Copy exactly, no pictures: every line from the one that contains "bogenbouw tijdens de kermis in pannerden" through the end of the entries below.

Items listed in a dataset
-*-*-
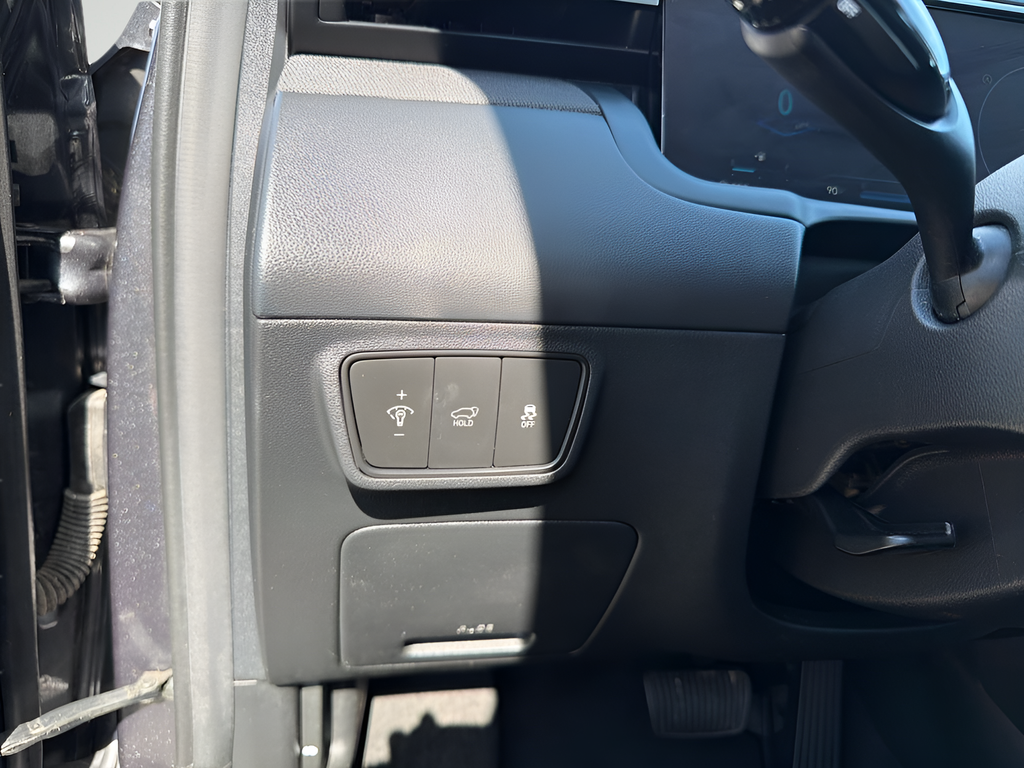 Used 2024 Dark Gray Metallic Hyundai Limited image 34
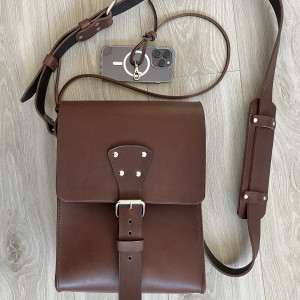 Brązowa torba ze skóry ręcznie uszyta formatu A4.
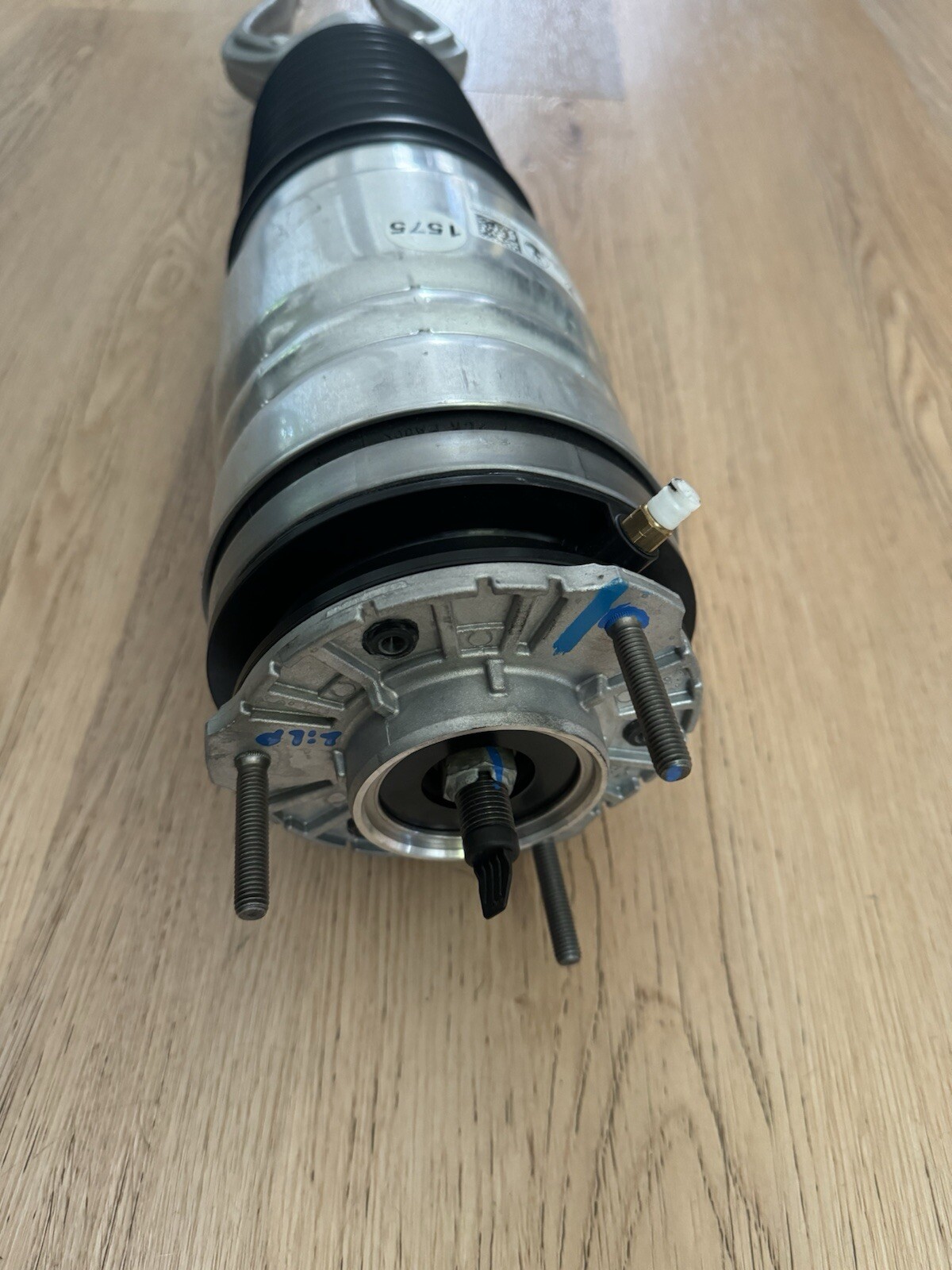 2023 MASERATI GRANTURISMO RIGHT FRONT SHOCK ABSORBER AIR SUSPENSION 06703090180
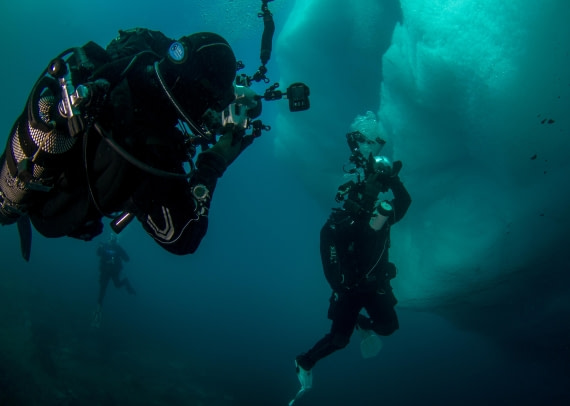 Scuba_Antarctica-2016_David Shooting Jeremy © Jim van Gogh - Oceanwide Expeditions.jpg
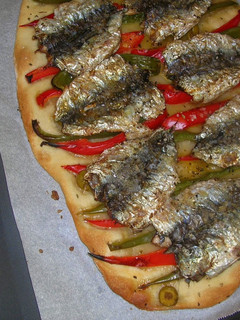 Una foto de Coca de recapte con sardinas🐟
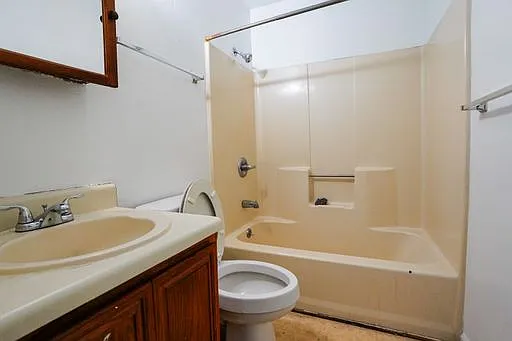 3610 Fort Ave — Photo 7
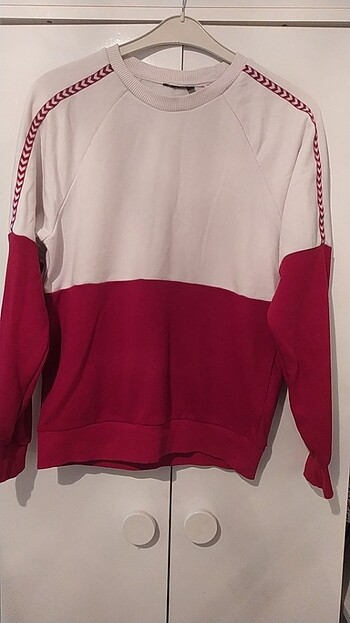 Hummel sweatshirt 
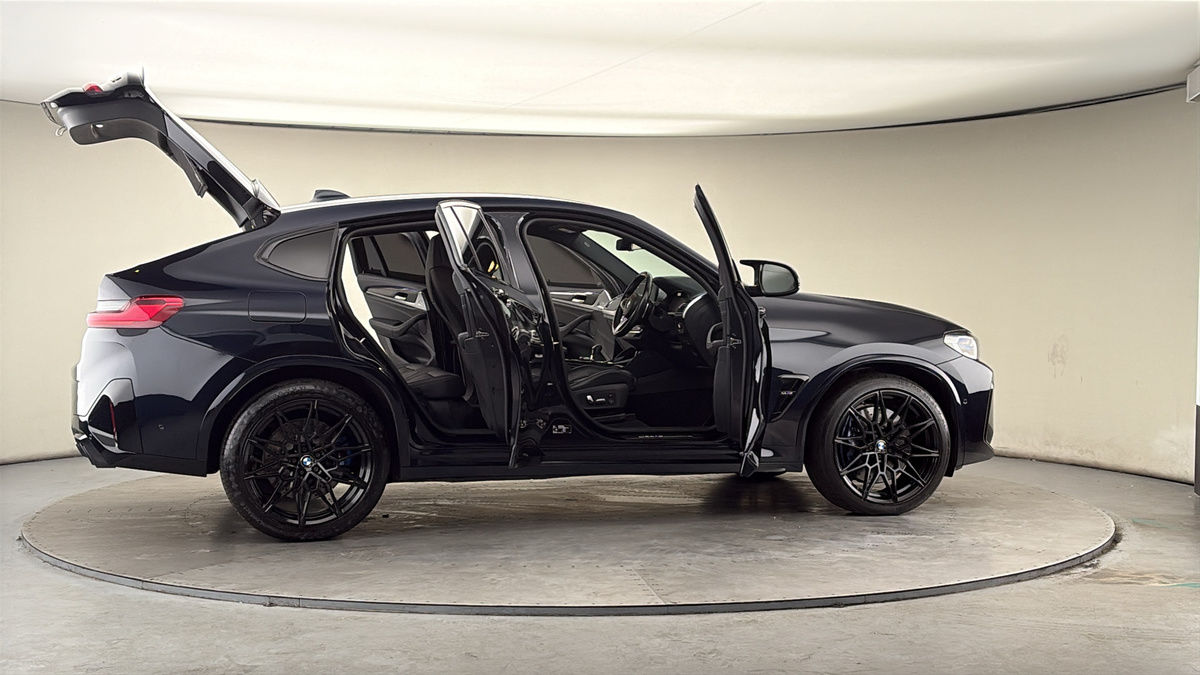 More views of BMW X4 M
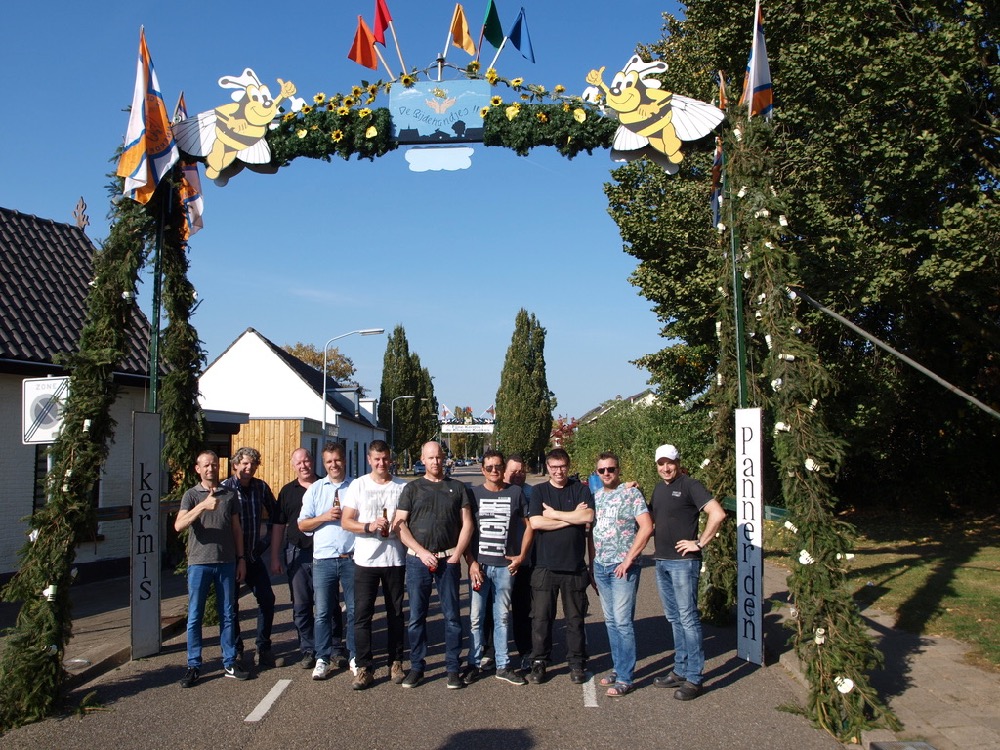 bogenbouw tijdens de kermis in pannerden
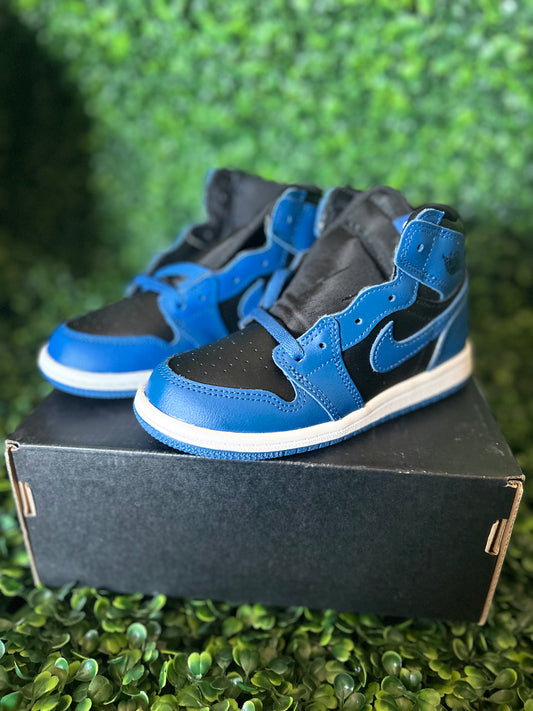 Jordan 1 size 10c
-*-*-
> **Task output**:
 bogenbouw tijdens de kermis in pannerden
 Jordan 1 size 10c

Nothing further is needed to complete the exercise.